The scheduled viewing efficiency averaged 67% during the last year, allowing the observing program to transition from Cycle 3 to Cycle 4 in November. The average was approximately 3% lower than expected, mostly due to 10 interruptions of the observing schedule caused by high levels of solar activity. Once again this year, the science and mission operations teams worked hard to perform rapid re-plans and ensure a highly efficient return to the science time-line after these events. There is some indication (at last) of a decline in solar activity following solar maximum.
Observers were active in both the Target Of Opportunity (TOO) and Director's Discretionary Time (DDT) programs. Thirteen TOO targets with 18 observations and 27 DDT targets with 45 observations were accepted. Of these targets, 14 were fast response requests and required a mission schedule interruption and re-plan.
The Education and Public Outreach group have had a banner year with an increased focus on press releases and NASA Space Science Updates. Additional staff have been added to the group to aid in the production of animations and graphics, and in researching and developing science stories. Twenty science press releases and multiple other image releases were made during the year, and 4 Space Science Updates were made through NASA HQ.
The spacecraft and Science Instruments have continued to operate well and with no major anomalies. An investigation is underway to determine the cause of a decreased efficiency in the output of one of the Momentum Unloading Propulsion System (MUPS) thrusters following a longer than predicted momentum unload in December. The flight team has worked creatively to ensure no impact to the science schedule during the investigation.

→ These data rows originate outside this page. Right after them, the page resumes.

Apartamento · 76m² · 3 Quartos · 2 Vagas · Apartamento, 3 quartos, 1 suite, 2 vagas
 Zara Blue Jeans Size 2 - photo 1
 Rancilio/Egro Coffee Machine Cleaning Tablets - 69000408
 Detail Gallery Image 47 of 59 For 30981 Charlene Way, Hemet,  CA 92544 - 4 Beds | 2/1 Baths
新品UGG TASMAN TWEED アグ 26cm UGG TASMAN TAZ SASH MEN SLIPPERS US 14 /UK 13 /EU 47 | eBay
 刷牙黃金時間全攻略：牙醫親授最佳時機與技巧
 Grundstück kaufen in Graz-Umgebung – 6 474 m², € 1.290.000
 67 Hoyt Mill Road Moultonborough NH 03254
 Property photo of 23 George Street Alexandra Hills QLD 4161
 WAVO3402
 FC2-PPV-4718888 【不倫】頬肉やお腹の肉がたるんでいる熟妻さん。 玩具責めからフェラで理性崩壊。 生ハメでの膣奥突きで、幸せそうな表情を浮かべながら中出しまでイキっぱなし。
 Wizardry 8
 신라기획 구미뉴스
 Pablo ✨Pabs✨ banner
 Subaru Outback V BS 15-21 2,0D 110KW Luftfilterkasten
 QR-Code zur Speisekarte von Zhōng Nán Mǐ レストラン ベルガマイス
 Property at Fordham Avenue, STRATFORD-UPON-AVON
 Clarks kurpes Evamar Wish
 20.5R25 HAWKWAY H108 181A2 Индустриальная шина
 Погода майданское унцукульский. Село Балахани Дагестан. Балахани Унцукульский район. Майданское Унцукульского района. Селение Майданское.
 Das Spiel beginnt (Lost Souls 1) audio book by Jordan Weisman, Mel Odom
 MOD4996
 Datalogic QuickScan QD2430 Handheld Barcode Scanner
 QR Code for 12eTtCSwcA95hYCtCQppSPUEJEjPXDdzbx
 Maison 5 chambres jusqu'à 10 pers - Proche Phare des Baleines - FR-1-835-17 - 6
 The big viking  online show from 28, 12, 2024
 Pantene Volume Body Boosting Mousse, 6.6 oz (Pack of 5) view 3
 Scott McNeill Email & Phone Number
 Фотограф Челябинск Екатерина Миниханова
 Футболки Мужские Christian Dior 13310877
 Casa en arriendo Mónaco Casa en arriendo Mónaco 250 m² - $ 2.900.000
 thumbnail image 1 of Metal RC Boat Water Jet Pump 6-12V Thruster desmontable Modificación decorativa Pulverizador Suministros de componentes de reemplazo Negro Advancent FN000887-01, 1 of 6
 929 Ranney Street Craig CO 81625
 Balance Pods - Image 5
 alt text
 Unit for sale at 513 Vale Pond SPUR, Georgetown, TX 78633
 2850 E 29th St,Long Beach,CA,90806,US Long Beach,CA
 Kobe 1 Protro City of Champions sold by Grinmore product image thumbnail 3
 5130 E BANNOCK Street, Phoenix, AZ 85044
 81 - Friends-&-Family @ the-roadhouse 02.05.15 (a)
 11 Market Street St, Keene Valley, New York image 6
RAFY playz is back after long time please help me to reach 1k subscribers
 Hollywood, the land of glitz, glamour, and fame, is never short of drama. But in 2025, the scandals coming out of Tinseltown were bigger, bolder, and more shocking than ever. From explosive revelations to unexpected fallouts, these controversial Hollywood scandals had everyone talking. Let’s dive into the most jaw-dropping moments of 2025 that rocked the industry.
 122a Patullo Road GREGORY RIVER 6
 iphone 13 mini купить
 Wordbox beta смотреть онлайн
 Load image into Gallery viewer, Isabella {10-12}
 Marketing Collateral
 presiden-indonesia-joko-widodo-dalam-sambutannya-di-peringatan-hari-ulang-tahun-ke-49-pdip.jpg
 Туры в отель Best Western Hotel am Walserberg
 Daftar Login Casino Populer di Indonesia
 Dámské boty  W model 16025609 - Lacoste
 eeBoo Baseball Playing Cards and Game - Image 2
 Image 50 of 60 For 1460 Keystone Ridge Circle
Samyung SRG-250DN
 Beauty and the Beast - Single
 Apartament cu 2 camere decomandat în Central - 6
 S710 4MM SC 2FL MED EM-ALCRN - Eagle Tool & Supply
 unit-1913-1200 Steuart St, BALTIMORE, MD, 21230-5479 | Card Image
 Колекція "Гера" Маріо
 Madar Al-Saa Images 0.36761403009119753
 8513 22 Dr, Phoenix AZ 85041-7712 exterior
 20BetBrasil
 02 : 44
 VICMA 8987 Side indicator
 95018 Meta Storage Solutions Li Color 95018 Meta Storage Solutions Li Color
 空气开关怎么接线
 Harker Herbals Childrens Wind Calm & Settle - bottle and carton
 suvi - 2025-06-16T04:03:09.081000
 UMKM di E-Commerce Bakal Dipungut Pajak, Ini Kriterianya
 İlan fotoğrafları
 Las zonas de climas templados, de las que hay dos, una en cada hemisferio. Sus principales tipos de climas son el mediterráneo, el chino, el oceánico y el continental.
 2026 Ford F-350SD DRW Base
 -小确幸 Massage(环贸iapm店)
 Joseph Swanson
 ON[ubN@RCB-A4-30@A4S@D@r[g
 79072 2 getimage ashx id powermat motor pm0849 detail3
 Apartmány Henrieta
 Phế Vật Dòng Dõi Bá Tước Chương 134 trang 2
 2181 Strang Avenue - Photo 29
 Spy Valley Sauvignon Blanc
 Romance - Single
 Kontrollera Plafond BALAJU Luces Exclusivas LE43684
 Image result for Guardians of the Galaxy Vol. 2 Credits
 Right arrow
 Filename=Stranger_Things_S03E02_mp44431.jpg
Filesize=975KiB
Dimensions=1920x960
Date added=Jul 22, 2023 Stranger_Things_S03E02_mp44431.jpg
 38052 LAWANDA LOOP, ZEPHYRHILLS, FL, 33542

A series of on-orbit tests were completed with the Aspect Camera to determine how close to the bright earth limb the camera could acquire and track stars. The results allowed for a reduction in the 20 degree limitation to 10 degrees and will ease scheduling of attitudes near the earth both during perigee passage and for science observing.
There were no safe modes during the year, but one safing action occurred when the spacecraft transitioned to bright star hold following a long maneuver in January. The cause was traced to a slightly inaccurate on-board gyro scale-factor and alignment matrix. A newly calibrated set of values was uplinked in May to mitigate against similar cases in the future.
Also of operational note was the nominal performance of the Observatory though two eclipse seasons, and a lunar eclipse in May.
The Science Processing team maintained an excellent record for throughput of data from observation to release to the Observer with an average time of 6 days. The Chandra archive holdings are now 1.6 TB (6M files compressed), with a total of 64.6K files corresponding to 2.5 TB retrieved last year
The Data System team completed a major port of the system to Solaris 8 in July and made releases of an interface to the Chandra Ray Tracer software (ChaRT) and an update to WebChaSer in December. CIAO 2.3 was released in November and includes a new tool that can be used to apply the CTI (charge transfer inefficiency) adjustment procedure. This correction restores some of the resolution lost due to radiation damage to the ACIS detectors early in the mission.
We look forward to continued smooth operations and exciting science results in 2003-2004.